→ ASSIGNED TASK
Would you give the records below again, exactly and completely?

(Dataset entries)
☆ ☆ ☆ ☆ ☆ ☆ ☆
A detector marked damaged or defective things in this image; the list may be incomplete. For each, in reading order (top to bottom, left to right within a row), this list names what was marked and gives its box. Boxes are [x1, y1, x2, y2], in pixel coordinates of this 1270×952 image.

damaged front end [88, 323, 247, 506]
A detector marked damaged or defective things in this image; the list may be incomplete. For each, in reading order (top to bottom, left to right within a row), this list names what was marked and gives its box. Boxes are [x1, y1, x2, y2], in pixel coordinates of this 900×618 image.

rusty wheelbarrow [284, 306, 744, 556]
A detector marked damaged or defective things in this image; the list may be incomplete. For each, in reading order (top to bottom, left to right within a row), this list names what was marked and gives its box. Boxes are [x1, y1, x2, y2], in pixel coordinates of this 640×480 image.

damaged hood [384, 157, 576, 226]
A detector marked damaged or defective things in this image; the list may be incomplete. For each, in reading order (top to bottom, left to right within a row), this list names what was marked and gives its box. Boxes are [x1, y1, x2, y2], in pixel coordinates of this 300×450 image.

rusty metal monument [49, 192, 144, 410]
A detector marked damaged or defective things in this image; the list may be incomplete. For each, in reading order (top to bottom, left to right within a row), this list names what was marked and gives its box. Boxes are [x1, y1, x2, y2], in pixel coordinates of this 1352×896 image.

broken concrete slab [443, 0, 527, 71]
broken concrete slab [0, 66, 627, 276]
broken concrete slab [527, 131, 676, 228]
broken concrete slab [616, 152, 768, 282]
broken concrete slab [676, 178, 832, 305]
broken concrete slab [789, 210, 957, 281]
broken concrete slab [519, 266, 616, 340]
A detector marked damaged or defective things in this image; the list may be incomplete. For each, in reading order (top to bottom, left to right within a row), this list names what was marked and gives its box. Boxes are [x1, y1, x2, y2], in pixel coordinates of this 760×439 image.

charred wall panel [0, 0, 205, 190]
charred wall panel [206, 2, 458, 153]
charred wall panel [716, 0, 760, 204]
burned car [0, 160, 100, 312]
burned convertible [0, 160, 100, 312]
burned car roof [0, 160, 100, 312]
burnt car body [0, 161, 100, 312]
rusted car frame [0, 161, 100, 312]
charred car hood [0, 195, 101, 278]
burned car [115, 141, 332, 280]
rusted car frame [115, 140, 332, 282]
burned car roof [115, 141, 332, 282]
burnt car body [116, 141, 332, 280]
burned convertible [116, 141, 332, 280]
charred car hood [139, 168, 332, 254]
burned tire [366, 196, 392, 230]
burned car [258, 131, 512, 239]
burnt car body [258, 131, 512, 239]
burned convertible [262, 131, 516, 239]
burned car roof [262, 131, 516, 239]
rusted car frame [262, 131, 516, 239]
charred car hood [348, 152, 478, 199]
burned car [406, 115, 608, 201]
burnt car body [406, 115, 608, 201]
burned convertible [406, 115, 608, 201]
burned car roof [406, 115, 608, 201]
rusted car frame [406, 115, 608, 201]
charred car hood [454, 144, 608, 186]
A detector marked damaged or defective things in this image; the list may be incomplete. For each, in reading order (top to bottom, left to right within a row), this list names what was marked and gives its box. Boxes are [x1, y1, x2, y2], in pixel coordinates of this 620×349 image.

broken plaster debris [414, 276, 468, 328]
☆ ☆ ☆ ☆ ☆ ☆ ☆
→ EXERCISE OUTPUT
A detector marked damaged or defective things in this image; the list may be incomplete. For each, in reading order (top to bottom, left to right within a row), this list names what was marked and gives its box. Boxes are [x1, y1, x2, y2], in pixel coordinates of this 1270×952 image.

damaged front end [88, 323, 247, 506]
A detector marked damaged or defective things in this image; the list may be incomplete. For each, in reading order (top to bottom, left to right within a row), this list names what was marked and gives its box. Boxes are [x1, y1, x2, y2], in pixel coordinates of this 900×618 image.

rusty wheelbarrow [284, 306, 744, 556]
A detector marked damaged or defective things in this image; the list may be incomplete. For each, in reading order (top to bottom, left to right within a row), this list names what was marked and gives its box. Boxes are [x1, y1, x2, y2], in pixel coordinates of this 640×480 image.

damaged hood [384, 157, 576, 226]
A detector marked damaged or defective things in this image; the list may be incomplete. For each, in reading order (top to bottom, left to right within a row), this list names what was marked and gives its box. Boxes are [x1, y1, x2, y2], in pixel coordinates of this 300×450 image.

rusty metal monument [49, 192, 144, 410]
A detector marked damaged or defective things in this image; the list may be incomplete. For each, in reading order (top to bottom, left to right within a row), this list names what was marked and gives its box. Boxes are [x1, y1, x2, y2], in pixel coordinates of this 1352×896 image.

broken concrete slab [443, 0, 527, 71]
broken concrete slab [0, 66, 627, 276]
broken concrete slab [527, 131, 676, 228]
broken concrete slab [616, 152, 768, 282]
broken concrete slab [676, 178, 832, 305]
broken concrete slab [789, 210, 957, 281]
broken concrete slab [519, 266, 616, 340]
A detector marked damaged or defective things in this image; the list may be incomplete. For each, in reading order (top to bottom, left to right within a row), this list names what was marked and gives its box. Boxes are [x1, y1, x2, y2], in pixel coordinates of this 760×439 image.

charred wall panel [0, 0, 205, 190]
charred wall panel [206, 2, 458, 153]
charred wall panel [716, 0, 760, 204]
burned car [0, 160, 100, 312]
burned convertible [0, 160, 100, 312]
burned car roof [0, 160, 100, 312]
burnt car body [0, 161, 100, 312]
rusted car frame [0, 161, 100, 312]
charred car hood [0, 195, 101, 278]
burned car [115, 141, 332, 280]
rusted car frame [115, 140, 332, 282]
burned car roof [115, 141, 332, 282]
burnt car body [116, 141, 332, 280]
burned convertible [116, 141, 332, 280]
charred car hood [139, 168, 332, 254]
burned tire [366, 196, 392, 230]
burned car [258, 131, 512, 239]
burnt car body [258, 131, 512, 239]
burned convertible [262, 131, 516, 239]
burned car roof [262, 131, 516, 239]
rusted car frame [262, 131, 516, 239]
charred car hood [348, 152, 478, 199]
burned car [406, 115, 608, 201]
burnt car body [406, 115, 608, 201]
burned convertible [406, 115, 608, 201]
burned car roof [406, 115, 608, 201]
rusted car frame [406, 115, 608, 201]
charred car hood [454, 144, 608, 186]
A detector marked damaged or defective things in this image; the list may be incomplete. For each, in reading order (top to bottom, left to right within a row), this list names what was marked and gives its box. Boxes are [x1, y1, x2, y2], in pixel coordinates of this 620×349 image.

broken plaster debris [414, 276, 468, 328]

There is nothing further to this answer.